Imagining a cooperative social economy of the future: interfacing worker and consumer coops – is the multi-stakeholder model appropriate? What other models are there?

I've always thought it seems better to orient general cooperatives ops around consumer-cooperatives because people want things, not work. Having said that, workers are consumers and, if everything was consumer-cooperatives, consumers would obviously be interested in the conditions of workers because they would be workers themselves. The easy way to solve this dichotomy, from a monetary perspective, would be to use an aggregate-cooperative-organization and distribute the profits from each individual consumer-cooperatives throughout the aggregate-cooperative as a whole. This makes sense because, if everything was consumer-cooperatives, giving profits back to consumers could inflate prices because prices are determined by how much consumers are willing to pay/bid for scarce resources.

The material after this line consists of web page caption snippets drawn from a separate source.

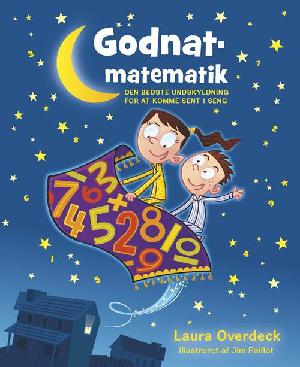 Godnatmatematik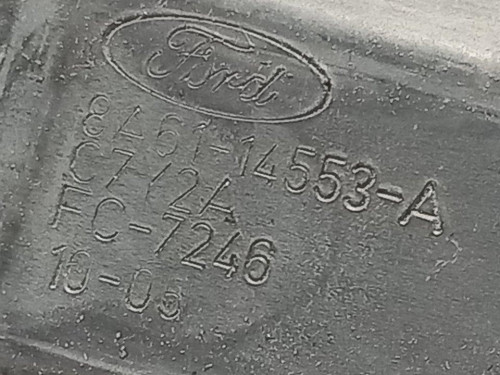  ELEVALUNAS DELANTERO DERECHO FORD FIESTA (CB1) 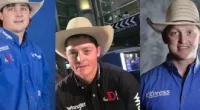 Wright Brothers Rodeo Family Tree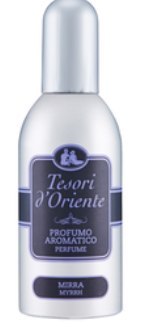 Tesori d'Oriente Mirra Woda Toaletowa 100 ml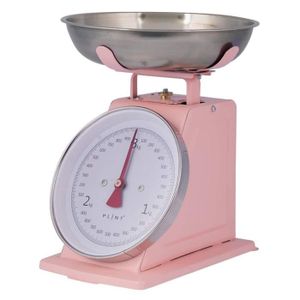 BALANCE ÉLECTRONIQUE New 3Kg Traditional Weighing Kitchen Scale Avec Bo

Additionally, trying to use profits for reinvestment would give higher prices positive side-effects and create contradictory incentives. By contrast, if profits were distributed throughout the aggregate-cooperative, then those patronage refunds could be paid to workers and adjusted for how well they actually performed, among other things.

This way, consumers could prioritize low costs while workers could earn more. As for actual organization and control, well, in business "learning by doing" is pretty common and I don't really think an optimal method of organization will be found until enough people join cooperatives and experiment with what works and what doesn't. Here, consumer-cooperatives would probably have the advantage because they could be started like kickstarter campaigns. IMO, right now, making cooperatives easier to start and asking people to create the stuff they want should be a little more important than how they will be organized.